Launching "A Python Renku Project" stops at "requesting token for provider internal_gitlab"

@diarmuidcire is the ip address found the same in both cases you tested above? I.e. after 136.xxx.xxx.xxx?

Yes the response is the same - if thats what you mean??

Yes. That is what I mean.

I am honestly not sure how to proceed here. The only other suggestion I can offer is to jump on a call with you together and just take a look at the deployment and the configuration.

It is not safe to run with 443 open in your network policy.

If you agree we can find a time that works for both of us and go over this in a zoom meeting.

Hi Tolevski.

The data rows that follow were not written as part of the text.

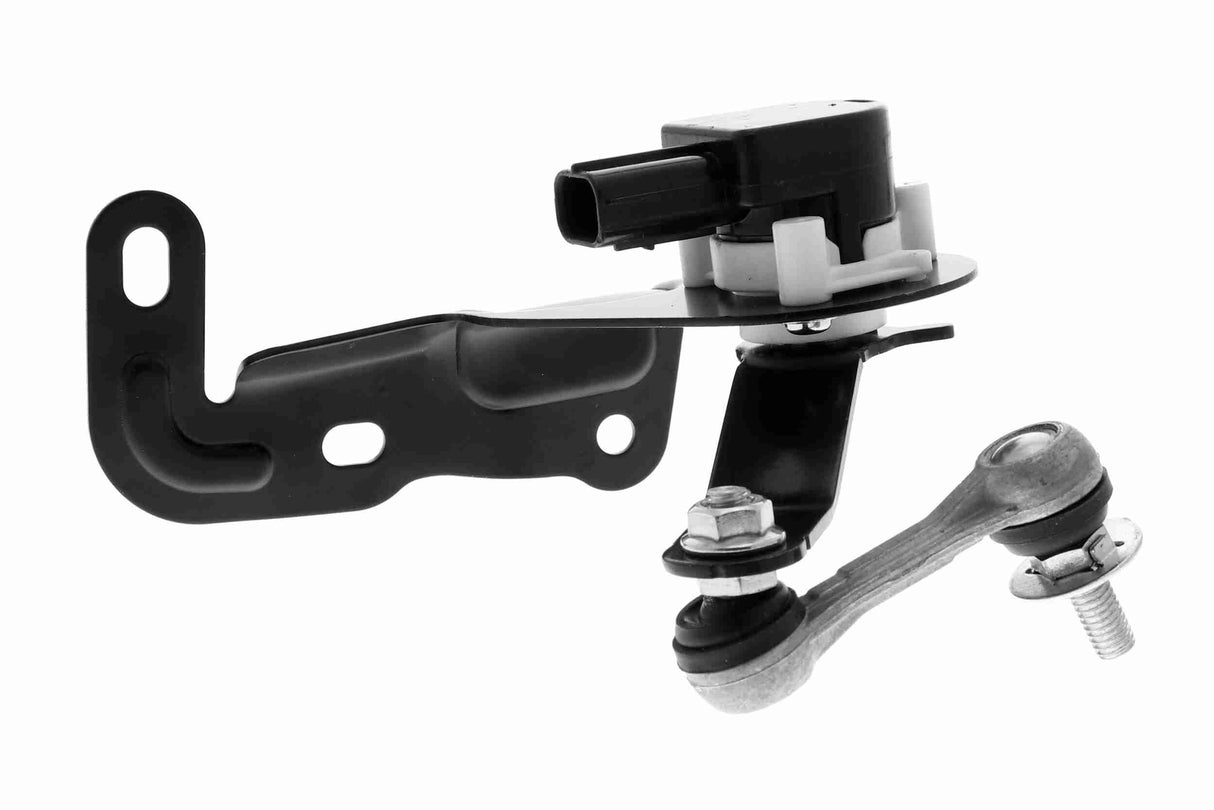 Sensor, headlight levelling - V70-72-0364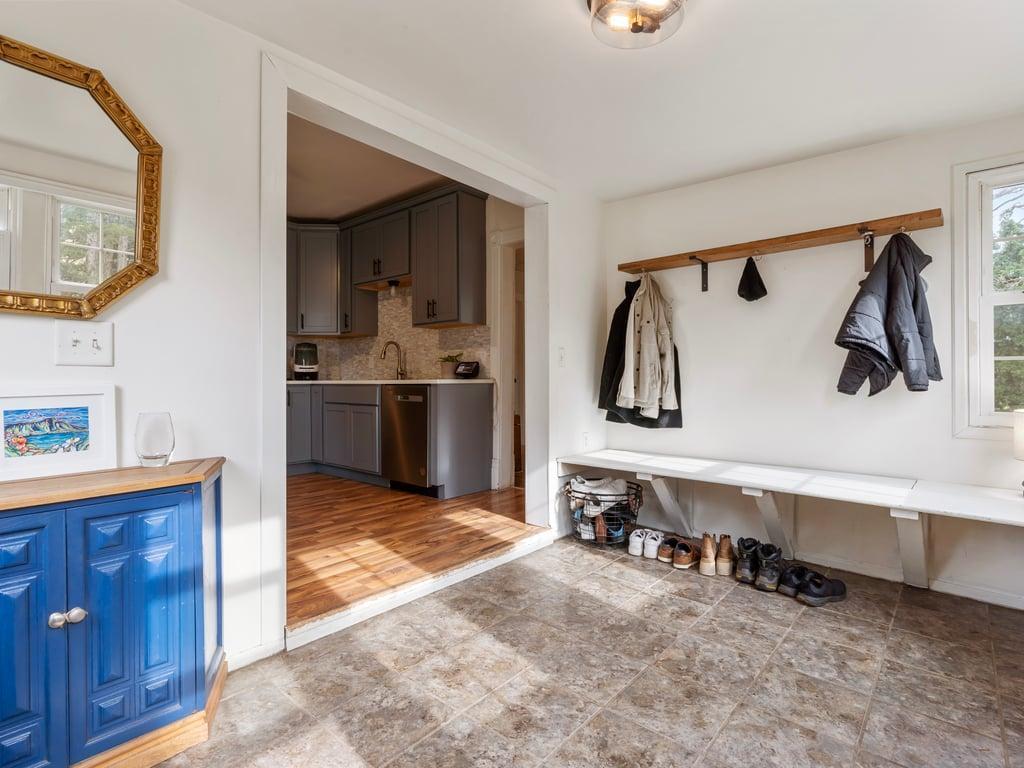 415 Lindbergh Drive NW Little Falls MN 56345 6809234 image11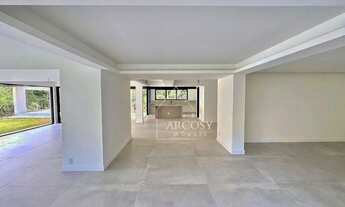 Imagem 14: Casa Residencial à venda, Araras, Petrópolis - CA0124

A Zoom would be great. When can we arrange?

Just debugging this a bit more. Im pretty sure its not a DNS issue as I testing DNS lookup and dig using PIP tools, I got the expected IP address response. These were containers created in Renku (with the netpol TCP 443 disabled), but also tested in the renku-amalthea-6d8bc7fc55-p5c6d -n renku -c amalthea pod (with the netpol TCP 443 disabled). No dns issues.

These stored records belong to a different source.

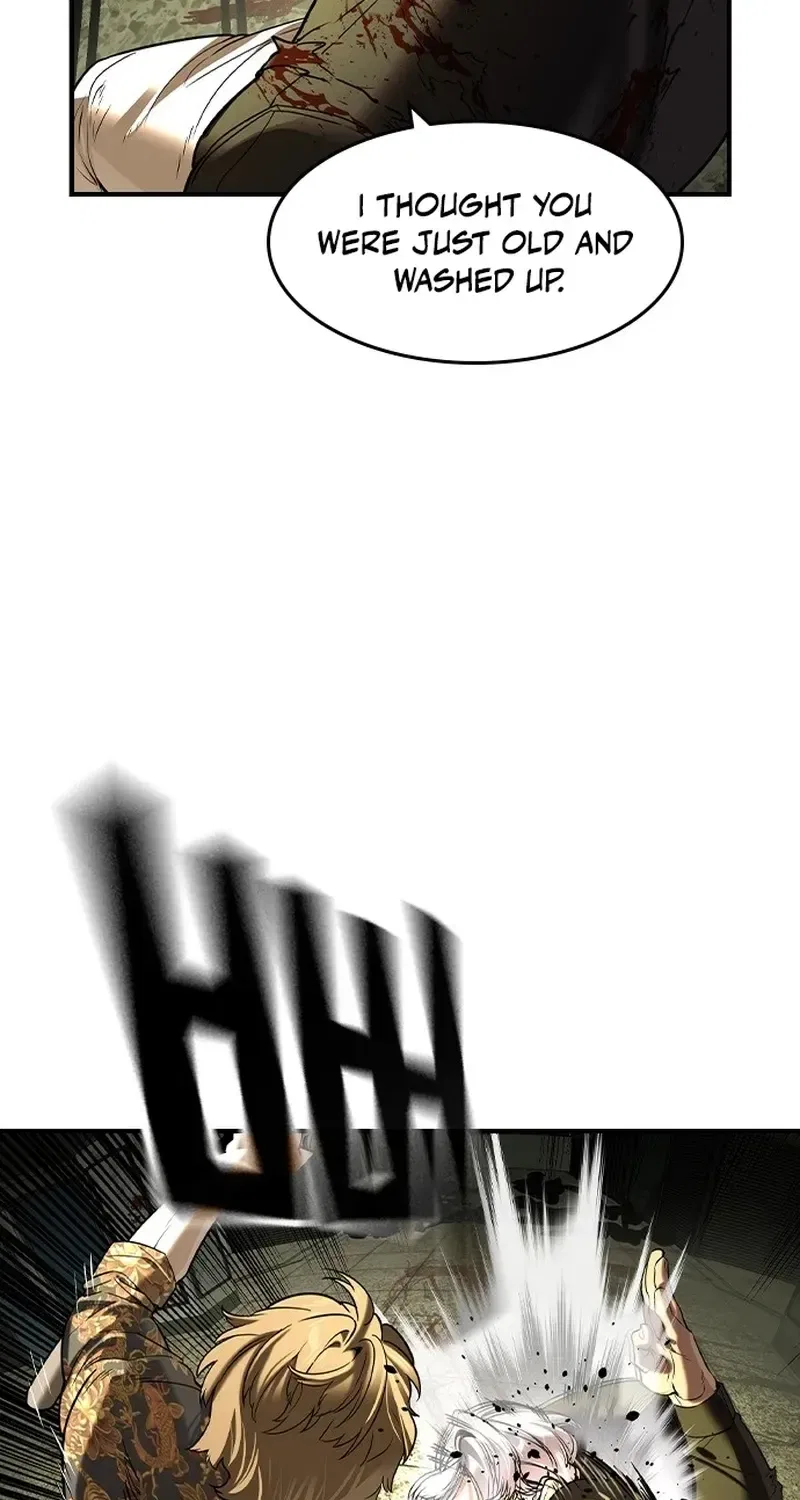 The Heir Chapter 73 – Page 47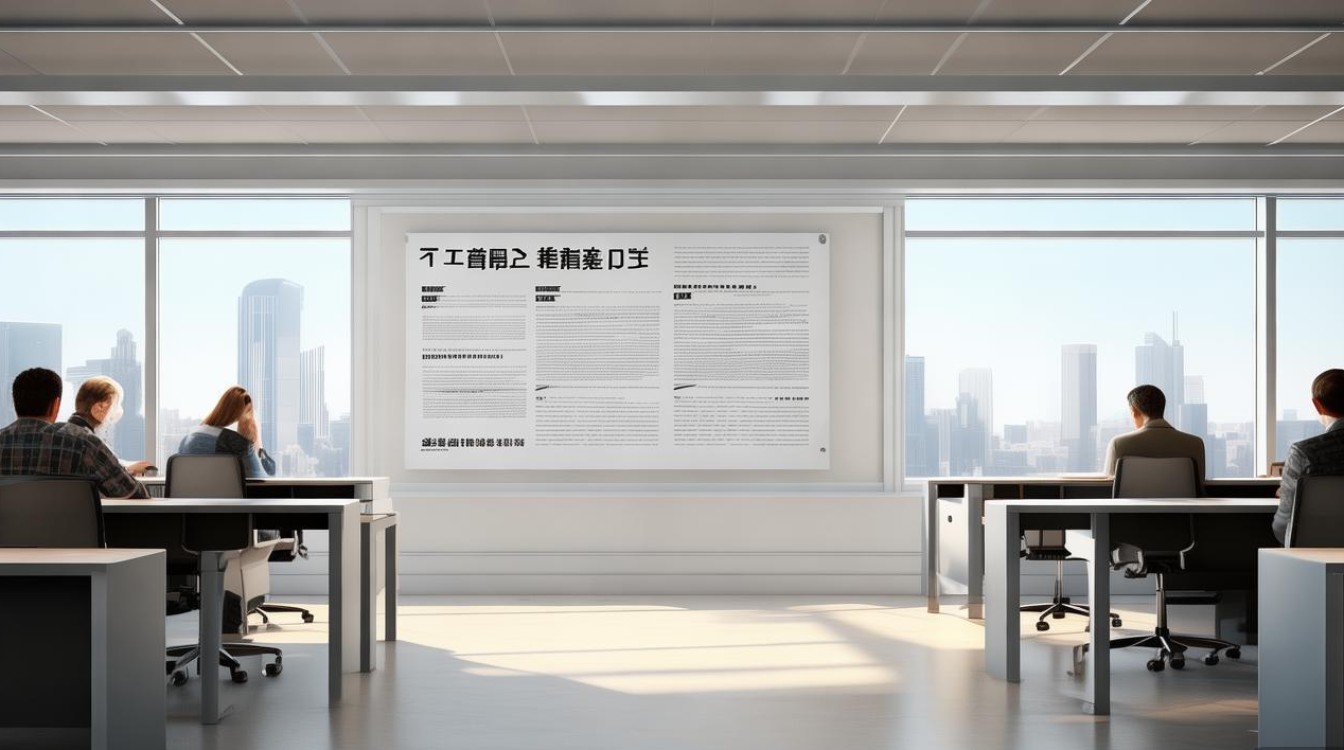 公开招聘考试一定有编制吗? 公开招聘考试一定有编制吗?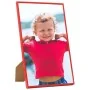 Marcos de foto collage de pared o mesa 5 uds rojo MDF 70x90cm by , Photo frames - Ref: Foro24-332405, Price: 107,68 €, Discou...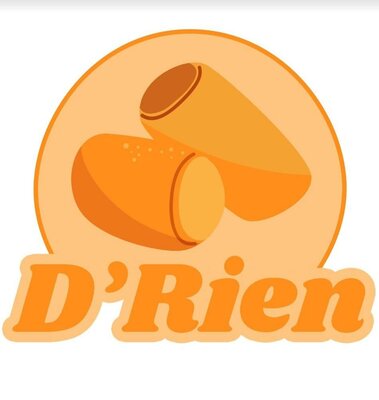 Trademark D'Rien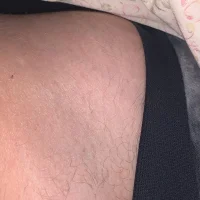 Gambar Profil Marcus_ig20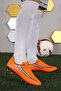 Simena Km Cleats Turf Field Men's Football Shoes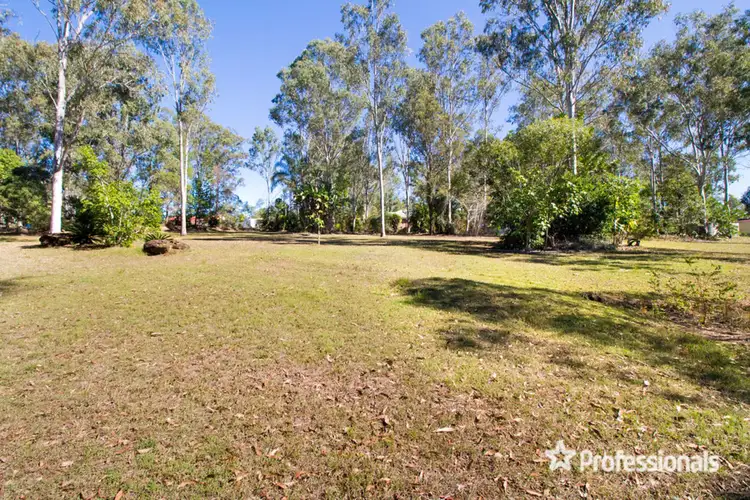 Fourth view of Homely house listing, 191 Swan Road, Jimboomba QLD 4280
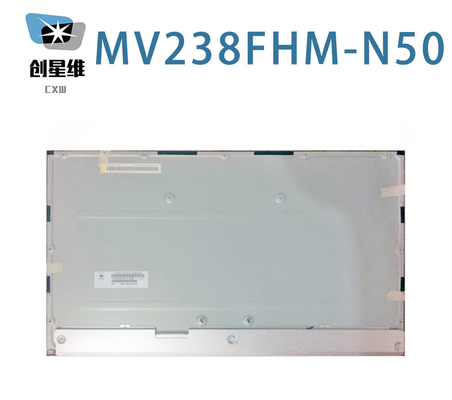 MV238FHM-N50 BOE 23.8" 1920 ((RGB) × 1080, 250 cd/m2 INDUSTRIELLES LCD-Display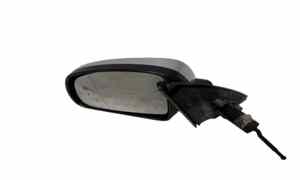 Specchietto Retrovisore Sinistro per Opel Meriva 1 Serie (2003 - 2006)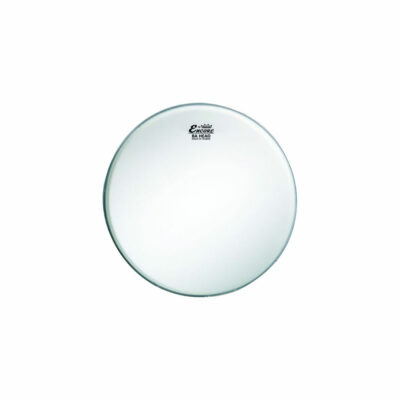 עור עליון לטם טם אנקור -"Encore EN-0112-BA Ambassador Coated 12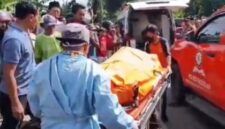 Mahasiswa UMM ditemukan tewas diduga dibunuh oleh suami petugas polisi di Probolinggo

However, I did notice this “INTERNAL_GITLAB”. But my gitlab is external to renku. Maybe thats something to do with the problem?

2024-11-12T17:00:07.910072751Z INFO:root:Requesting token for provider INTERNAL_GITLAB

The git-clone is failing.
Warning BackOff 3m10s (x58 over 28m) kubelet Back-off restarting failed container git-clone in pod diarmuid-2ec-proj-2ddns-29e32d9c-0_renku(f90ac3f2-c69b-4205-983e-d94cd61d050d

    - name: GIT_CLONE_GIT_PROVIDERS_0_
      value: '{"id": "INTERNAL_GITLAB", "access_token_url": "https://renku.computing.xx.xx/api/auth/gitlab/exchange"}'
    image: renku/git-clone:1.27.1

in renku values I have

global:
  gateway: 
  ...
  gitlab:
    clientSecret:  xxx
    registry:
      host: registry.computing.xxx.ie
    url: gitlab.computing.xxx.ie

...
gitlab:
  enabled: false

@diarmuidcire I will message you in a private message to arrange a time and exchange info.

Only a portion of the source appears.